Fortunately since I’m using the Migrate Test DB Plugin I can just observe the order in which tables were created and tell the Preload Fixtures plugin to do its work in the same order. This is in my environment.rb because that’s where all my project-wide monkeypatching currently lives. (Cleaning that up and maybe plugin-izing it is a TODO for the future.)

# Due to FKs, gotta specify ordering of fixture preloading here.
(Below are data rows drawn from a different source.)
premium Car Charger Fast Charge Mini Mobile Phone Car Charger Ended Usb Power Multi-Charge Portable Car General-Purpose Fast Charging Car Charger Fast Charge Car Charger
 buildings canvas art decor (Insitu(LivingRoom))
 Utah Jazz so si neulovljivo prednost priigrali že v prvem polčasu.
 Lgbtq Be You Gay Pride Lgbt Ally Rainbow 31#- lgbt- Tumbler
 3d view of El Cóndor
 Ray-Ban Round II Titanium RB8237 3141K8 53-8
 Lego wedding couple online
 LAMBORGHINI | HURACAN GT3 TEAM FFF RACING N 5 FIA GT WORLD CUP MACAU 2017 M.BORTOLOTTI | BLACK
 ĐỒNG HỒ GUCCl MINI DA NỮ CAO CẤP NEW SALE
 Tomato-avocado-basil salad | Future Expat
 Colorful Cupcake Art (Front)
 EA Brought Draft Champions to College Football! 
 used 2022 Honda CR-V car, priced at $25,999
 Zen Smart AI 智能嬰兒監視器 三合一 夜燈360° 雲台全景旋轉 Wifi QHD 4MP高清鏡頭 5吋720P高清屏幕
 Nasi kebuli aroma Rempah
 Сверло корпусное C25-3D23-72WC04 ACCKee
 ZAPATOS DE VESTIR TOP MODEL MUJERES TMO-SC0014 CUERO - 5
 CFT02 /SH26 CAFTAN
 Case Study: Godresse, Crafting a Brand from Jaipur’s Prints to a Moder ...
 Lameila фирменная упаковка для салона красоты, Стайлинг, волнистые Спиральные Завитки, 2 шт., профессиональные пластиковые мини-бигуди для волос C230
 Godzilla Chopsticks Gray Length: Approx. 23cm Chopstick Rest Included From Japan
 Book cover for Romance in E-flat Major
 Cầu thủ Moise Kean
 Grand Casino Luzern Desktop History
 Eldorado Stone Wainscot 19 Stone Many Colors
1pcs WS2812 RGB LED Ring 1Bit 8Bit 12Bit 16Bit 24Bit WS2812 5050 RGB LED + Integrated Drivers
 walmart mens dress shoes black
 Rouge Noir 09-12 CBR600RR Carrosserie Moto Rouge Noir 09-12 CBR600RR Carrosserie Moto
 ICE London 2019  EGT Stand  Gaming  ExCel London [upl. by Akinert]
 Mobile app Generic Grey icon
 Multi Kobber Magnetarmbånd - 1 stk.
Why not let migration create_table statements do it?
# (depends on Migrate Test DB Plugin being present; is here for the benefit of the preload_fixtures plugin)
module ActiveRecord::ConnectionAdapters::SchemaStatements
    alias create_table_orig create_table
    def create_table(table_name, options = {}, &block)
        fixture_filename = "#{table_name}.yml"
        if File.file?(File.join([RAILS_ROOT, 'test', 'fixtures' ,fixture_filename]))
            ENV['FIXTURES'] = [ENV['FIXTURES'], fixture_filename].compact.join(',')
            # puts ENV['FIXTURES']
        end
        create_table_orig(table_name, options, &block)
    end
end

Sadly if you run “rake test” it runs ruby as a subprocess in order to do “rake test:units”, “rake test:functionals”, and “rake test:integration”. That means that the migrations are run once (before the tests), but that the preloading is done three times. The second and third times through, though, the preloading fails since it’s trying to delete-then-create each table’s fixtures in table-creation order. So, a patch to preload_fixtures.rb is needed, to ensure that deletes are done first, in the reverse order of table creation. Here’s what the new preload! method looks like:

def self.preload!
    puts "PRELOADING FIXTURES..."

    require 'active_record/fixtures'
    ActiveRecord::Base.establish_connection(:test)
    fixture_filenames = (ENV['FIXTURES'] ? ENV['FIXTURES'].split(/,/) : Dir.glob(File.join(RAILS_ROOT, 'test', 'fixtures', '*.{yml,csv}')))
    
    # delete first, in reverse order
    fixture_filenames.reverse.each do |fixture_file|
        table_name = File.basename(fixture_file, '.*') # hack; might not be correct if class name != camelized table name
        ActiveRecord::Base.connection.delete "DELETE FROM #{table_name}", 'Fixture Delete'
    end
    
    fixture_filenames.each do |fixture_file|
      Fixtures.create_fixtures(File.join(RAILS_ROOT, 'test', 'fixtures'), File.basename(fixture_file, '.*'))
    end      
    puts "DONE. Loaded #{Fixtures.all_loaded_fixtures.keys.length} fixtures."
  end

I’m not sure, but I think there’s an assumption in there that the table name is the same as the fixture name. My patch also makes that assumption, which is true in the case of my project. But in your project you might not have done that, so further hackery might be needed.

So, it all seems to work correctly now, and I’m back to working on my trigger code. If this seems like it took a lot of effort, it did, but I think it’ll be worth it once I start using stored procs and triggers more. That phase begins now.